Body Weight Routines
If you’re not familiar with body weight workouts—please—do not underestimate them. If you do them right, you will wake up sore the next morning. Here are my favorites:
- P90X Legs and Back. I usually skip the back part TBH, but just doing the leg exercises alone takes me 45 minutes, so that’s perfect for me. This routine does not require any weight, so it’s great when you’re at home or traveling. I can guarantee you will wake up sore the next day!
- P90X Ab Ripper X. I highlight this one in my Four Rules for a More Toned Stomach post. It really is a lifesaver because of its intensity and the fact you can do it literally anywhere. Just put a mat or towel down on the ground, and get to work.

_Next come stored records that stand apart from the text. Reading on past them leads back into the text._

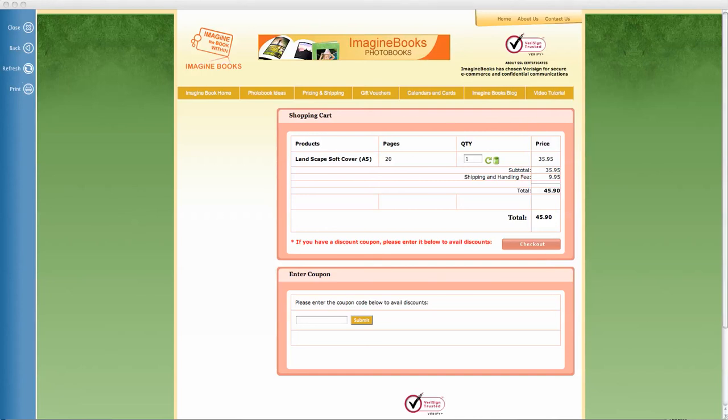Hi, Mark from Imagine Books here again. You're probably looking at this screen because you're just about ready to cash in your coupon and have your book sent to you.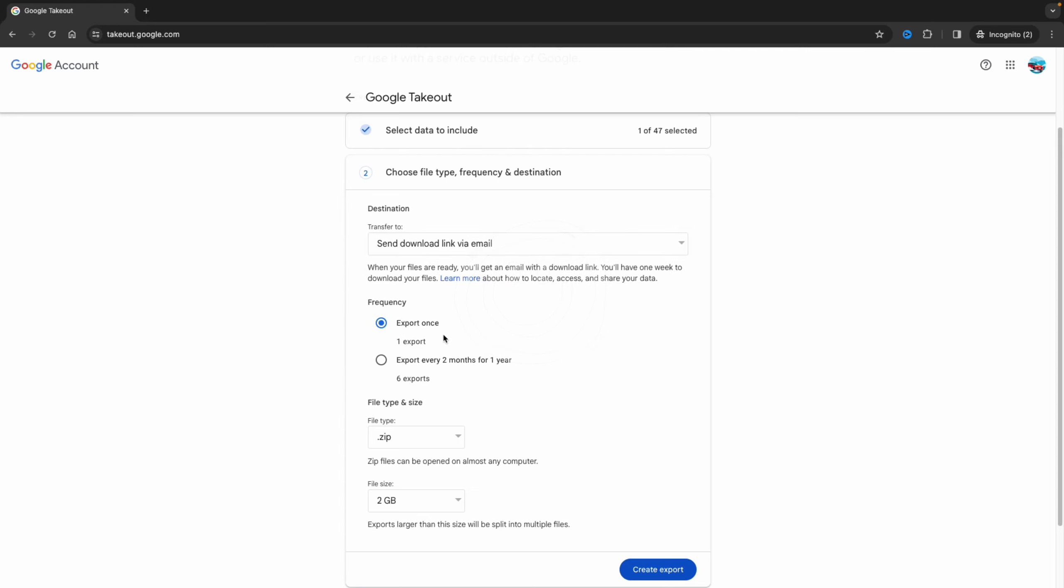Now you can choose the frequency. In this case I want to export them once, but you can also do it like I said over here - two months or one year.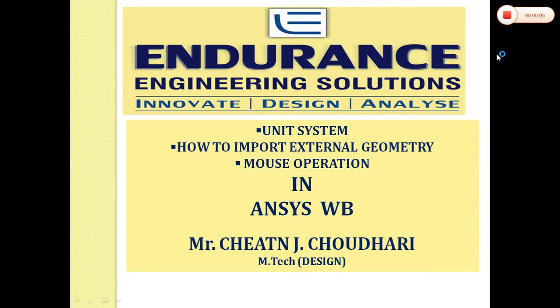Hello everyone, in this class we will see the unit system, how to import the external geometry and mouse operation in ANSYS Workbench.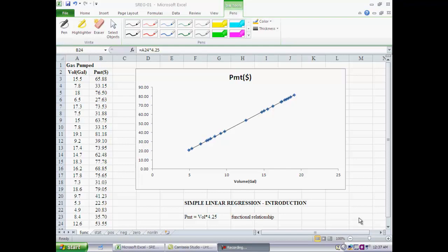When you're doing simple linear regression, you're basically trying to express the relationship between two variables using a straight line. Let's take an example. Let's say we have a gas station and for sake of simplicity, we will assume this gas station sells only premium gas at $4.25 a gallon.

- Yoga. Stretching, deep breathing and muscle building are things everyone can benefit from. The only downside to yoga is the potential hole it can burn in your pocket. I absolutely love going to a yoga studio, but coming in around $15 per session, it’s not ideal for my wallet. I recently discovered Down Dog, a yoga app that gives me whatever customizable yoga session I want, in the comfort of my own home. I purchased an annual membership for $35/year and practice at least once a week. That’s pretty hard to beat.
- My 30 Min Full Body Circuit. I made this one up while confined to the house during quarantine. It’s perfect to work each part of your body, while not exhausting any particular muscle group.
Summing it Up
Incorporating a few of these exercises per week keeps my body in check even without the gym. As a matter of fact, I just froze my gym membership for 3 more months due to the virus, meaning by the time I return, I will have been on a 6 month gym hiatus. It will be interesting to see if and how my body responds to the changes in workout routines.
These exercises are wonderful for traveling or days you want to avoid the gym environment. I highly recommend trying all of these routines outdoors as well (weather permitting…). It’s a nice way to enjoy some fresh air and sunshine. I hope you try some of these and let me know what kind of at-home workouts have been helping you see a difference in your body. Enjoy!